ACTIVITY: Output, exactly and with no pictures, the line that contains "Plumas estilogr&aacute;ficas antiguas: Pluma" and every line that comes after it in the data below, the last one included.

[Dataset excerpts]
--- START ---
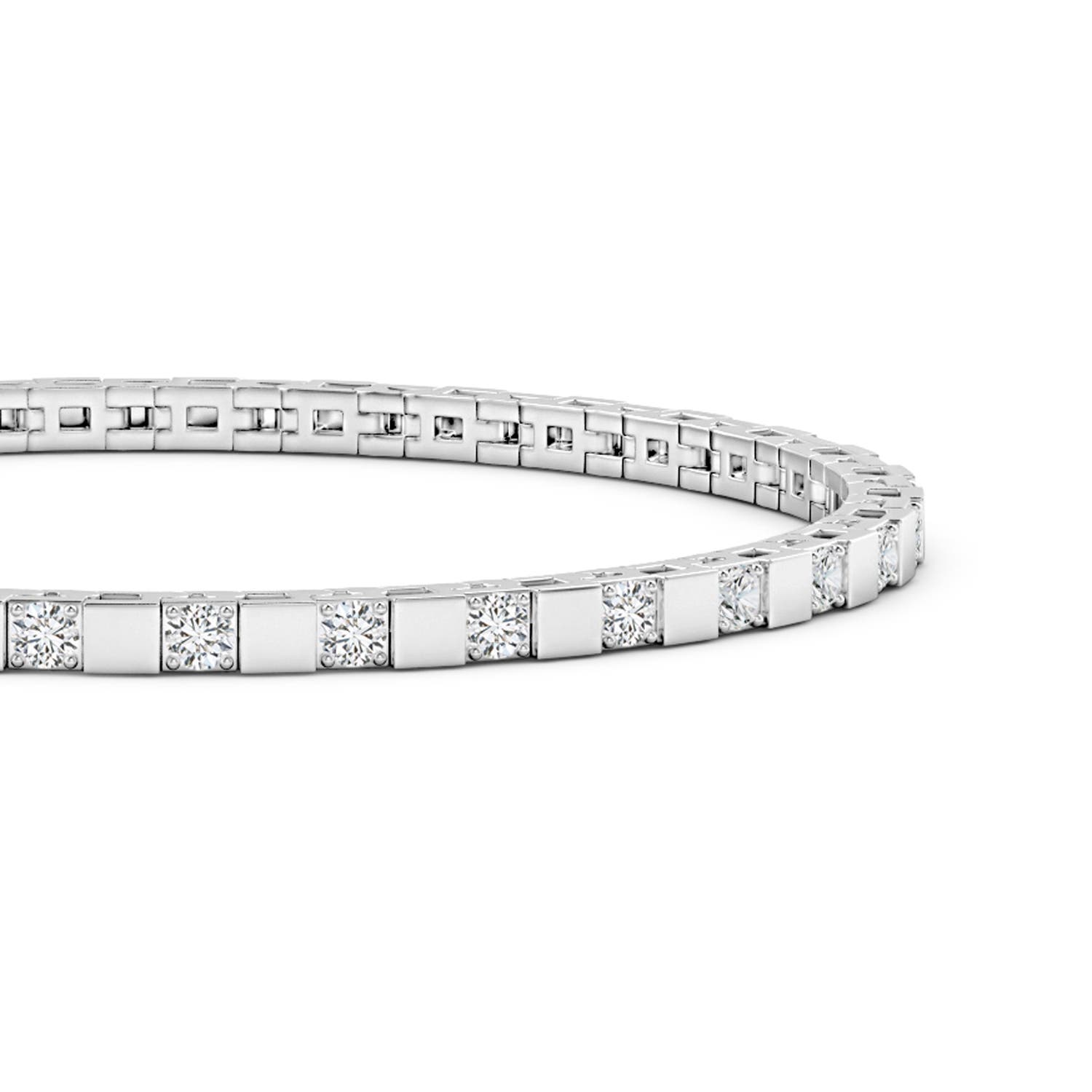1.95mm HSI2 Alternating Diamond Block Link Unisex Bracelet in White Gold
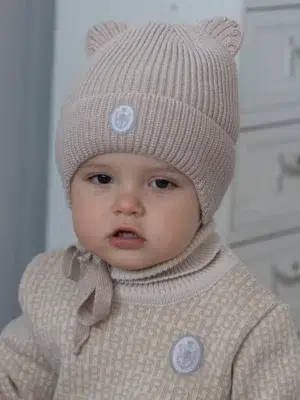 Шапка зимняя Наследник Выжанова бежевый с ушками 10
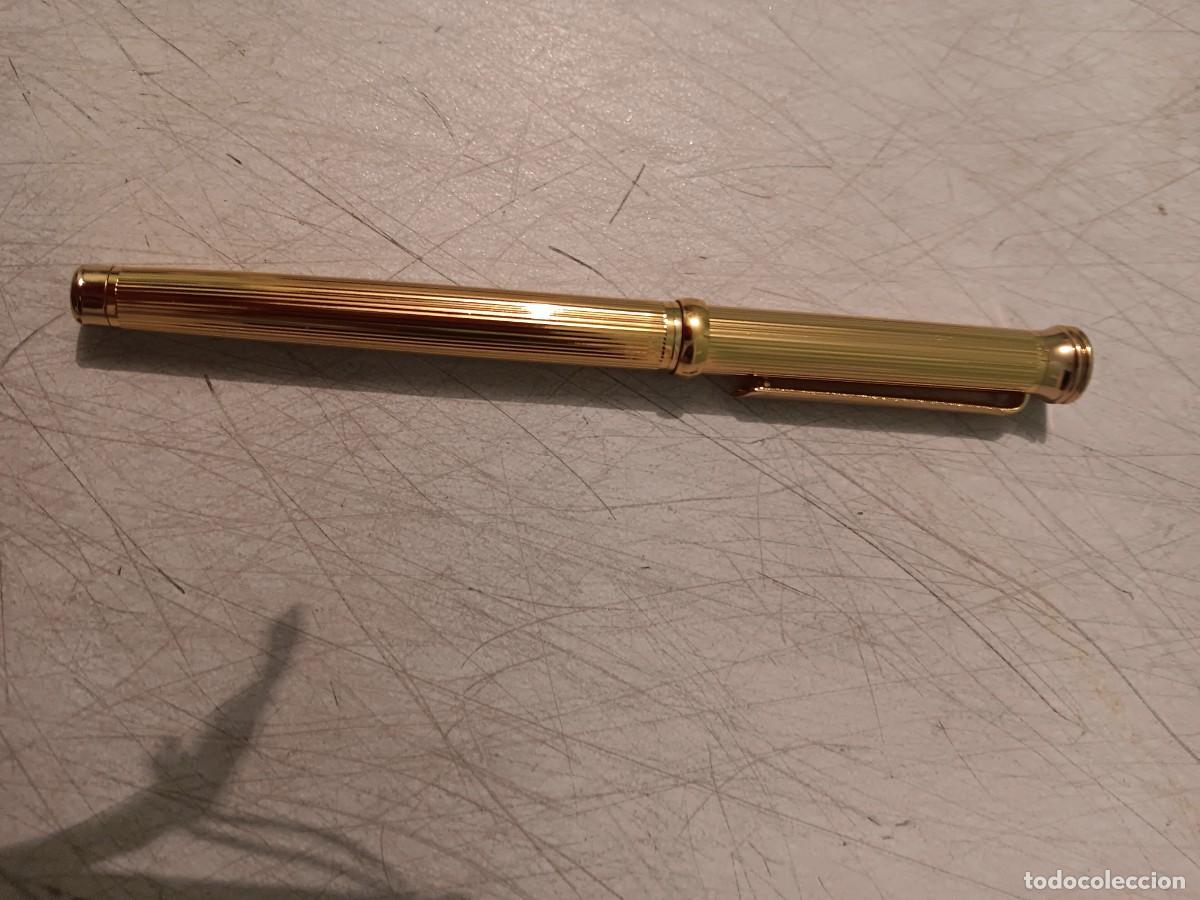 Plumas estilogr&aacute;ficas antiguas: Pluma nueva dorada rayas yasuo calidad.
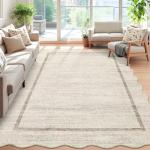 GarveeHome Scalloped Washable Rug 4x6, Beige Boho Living Room Area Rug, Bordered Non-Slip Farmhouse Bedroom Carpet Dorm Room Throw Rug, Low Pile Soft Accent Mat for Kitchen Entry Office 4'x6' Beige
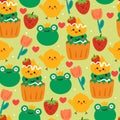 Seamless pattern cartoon chick and frog. cute animal, plant and dessert wallpaper for textile, gift wrap paper Royalty Free Stock Photo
--- END ---
RESULT OF THIS EXERCISE:
 Plumas estilogr&aacute;ficas antiguas: Pluma nueva dorada rayas yasuo calidad.
 GarveeHome Scalloped Washable Rug 4x6, Beige Boho Living Room Area Rug, Bordered Non-Slip Farmhouse Bedroom Carpet Dorm Room Throw Rug, Low Pile Soft Accent Mat for Kitchen Entry Office 4'x6' Beige
 Seamless pattern cartoon chick and frog. cute animal, plant and dessert wallpaper for textile, gift wrap paper Royalty Free Stock Photo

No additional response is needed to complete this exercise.